Many of you no doubt have been involved in situations where the “plug is pulled”—always a hard decision that is made more difficult when the patient has left no specific instructions on what to do when treatment is futile.2 This leaves spouses, adult children, and siblings in the situation of having to make the decision, sometimes without really knowing what the dying person would want.
An advance directive sets forth the patient’s wishes and guides the family and physicians into making the right decisions.

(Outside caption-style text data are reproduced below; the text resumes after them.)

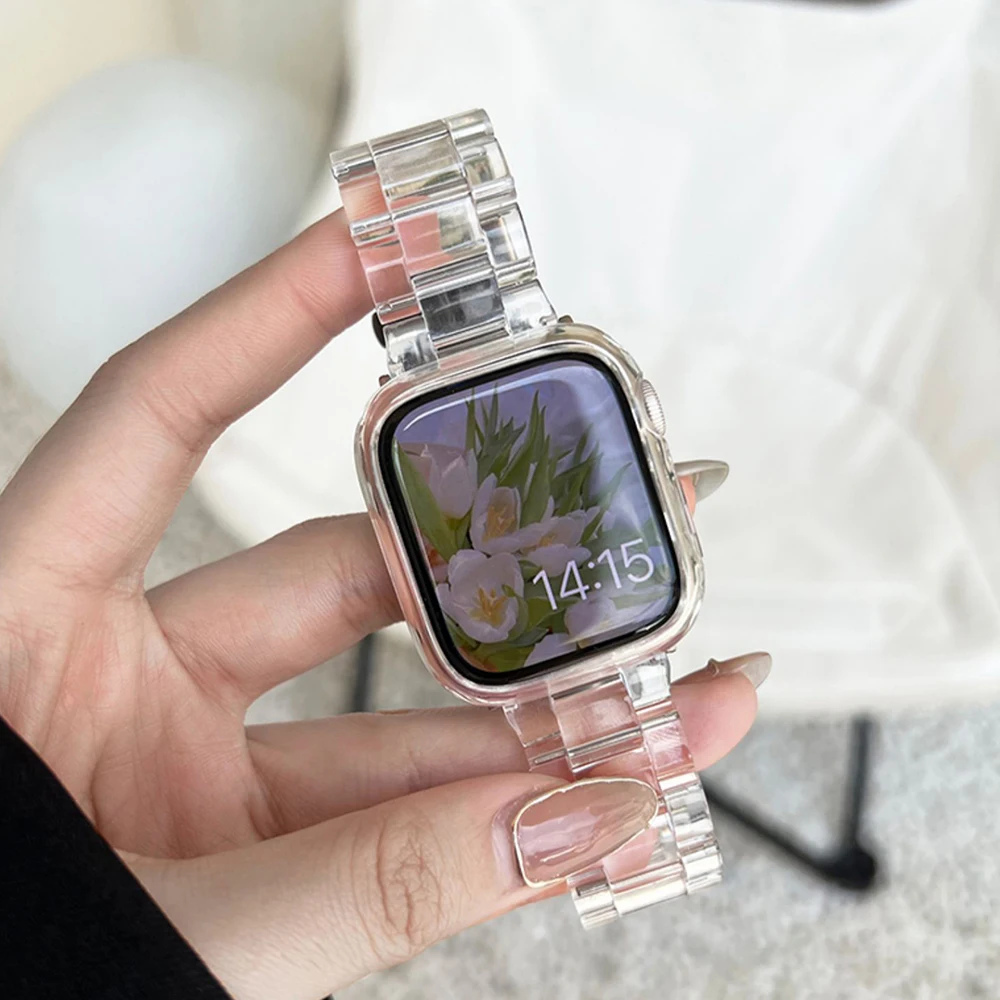 Colorful Transparent Watch Strap - Vibrant Bracelet Accessory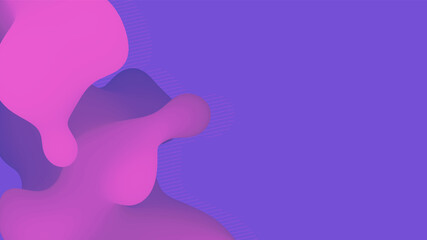 Aufkleber - Liquid violet metaball organic structure. The liquid viscous droplets with gradient color on a light background. Fluid abstract futuristic shapes. Vector illustration.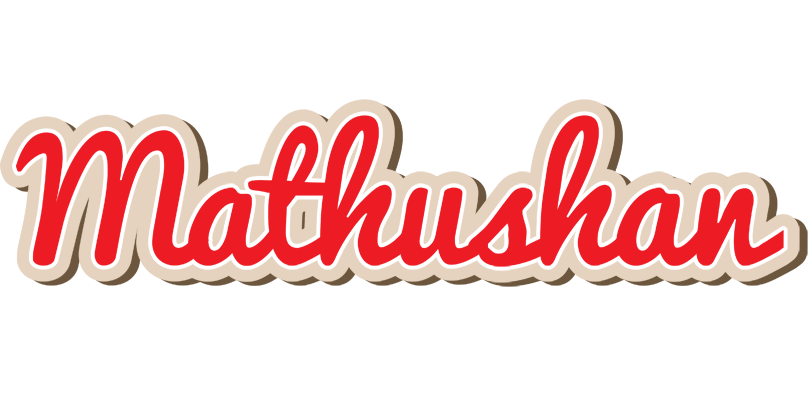Mathushan chocolate logo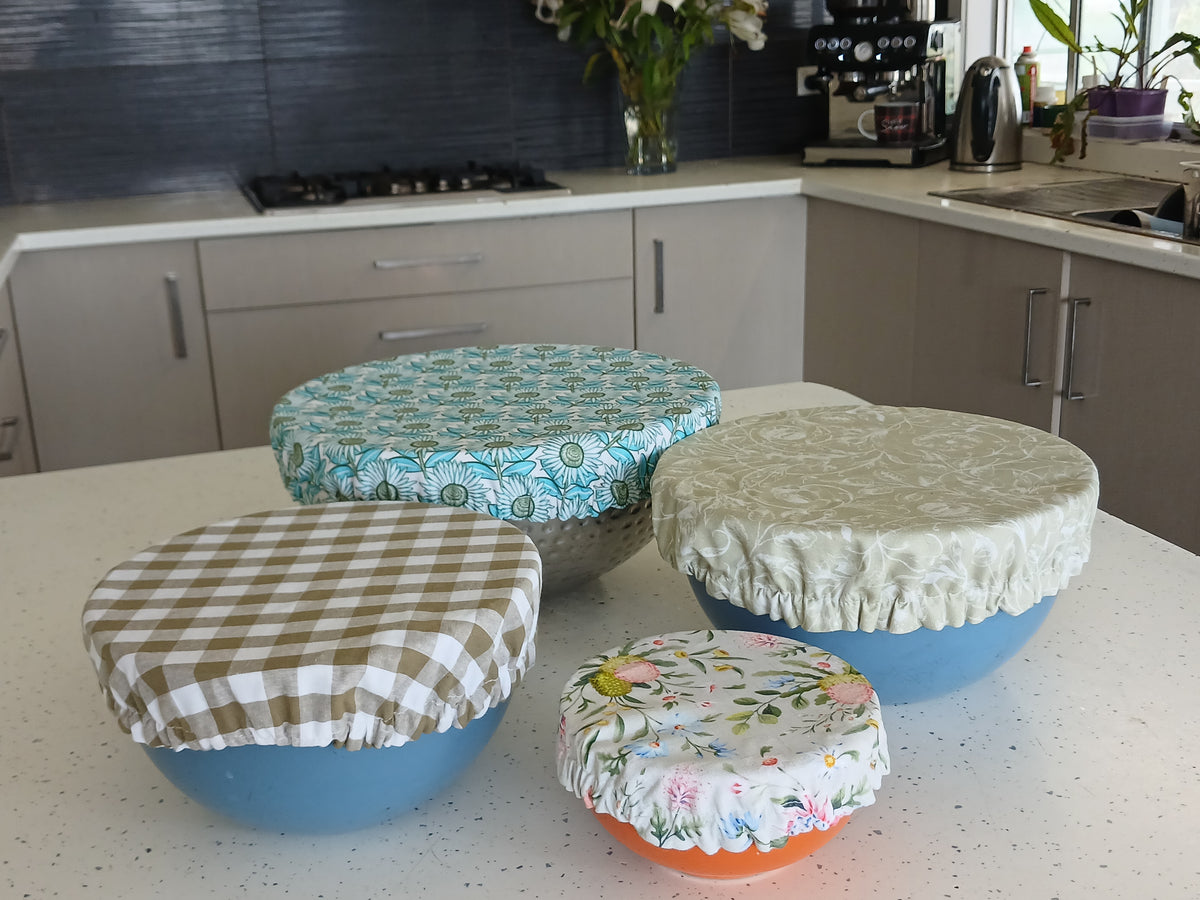 Reversible Reusable Bowl Covers Set of 4 - Alternate fabrics - Value Pack - Handmade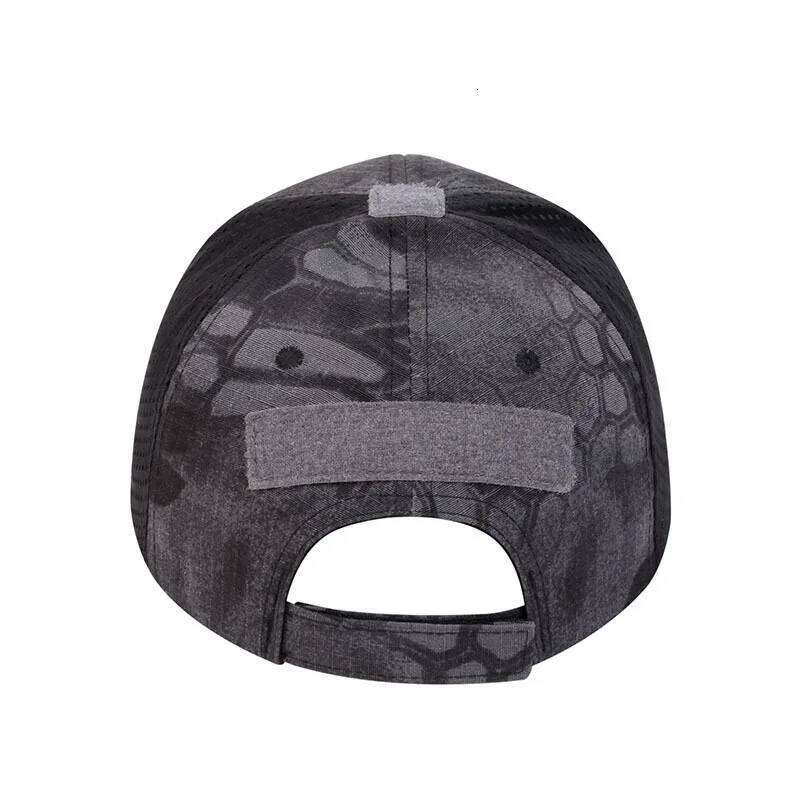 Unisex Skull Embroidered Baseball Men Outdoor Breathable Mesh Tactics Mountaineering Peaked Hat Adjustable Snapback Caps Y260304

The advance directive comprises two documents: a living will that describes the kind of life-sustaining and other treatment patients want if they are unable to communicate; and a health care power of attorney, which designates someone to make medical decisions in such cases. Without an advance directive or surrogate decision maker, hospital staff and clinicians may make the decisions without taking into account what family members might think are the patient’s wishes.
It sounds as if advance directives are good for everyone. Unfortunately, even with advance directives, some people are not well served. Advance directives have many legal requirements and can have unintended consequences that might prevent patients from making or communicating their end-of-life care preferences.3 Among them:
- Most advance directives are written above a 12th-grade level and are not available in many patients’ native languages. About 40% of the US population reads at or below an 8th-grade level, and may not understand the advance directive.
- Many states do not allow primary physicians, caseworkers, and people working for the patient’s clinician or long-term care facility to serve as health care agents. Homeless, institutionalized, socially isolated, disabled, or migratory patients may have no one else to turn to.
- Execution requirements, such as notarized signatures and witnesses, affect patients from culturally and socially diverse backgrounds or those with limited literacy.
- Not all states recognize an advance directive executed in another state. This could be a serious problem for migrant and transient homeless patients and people who have the means to travel.
- Standardized advance directives do not take into account religious, cultural, or social preferences.
So, although advance directives are powerful tools, legal restrictions may have made them less useful in some cases. Simple improvements can be made to ensure that all patients are equally served. A good place to start, according to Castillo et al,3 would be to improve the readability of advance directives, eliminate surrogate restrictions, accept oral and out-of-state directives, and include documentation of religious, cultural, and social beliefs. Changes such as these can give RTs the confidence that their patients understand their rights and make the best choices for end-of-life care.
- The AARC Statement of Ethics and Professional Conduct. Available at: www.aarc.org/resources/position_statements/ethics_detailed.html. Accessed January 20, 2011.
- Salmasey DP, Snyder L. Substituted interests and best judgements [extract]. Available at: jama-ama-assn.org/content/304/17/1945. Acccessed January 20, 2011.
- Castillo LS, William BA, Hooper SM, et al. Lost in translation: the unintended consequences of advance directive law on clinical care. Ann Intern Med. 2011;154:121-128.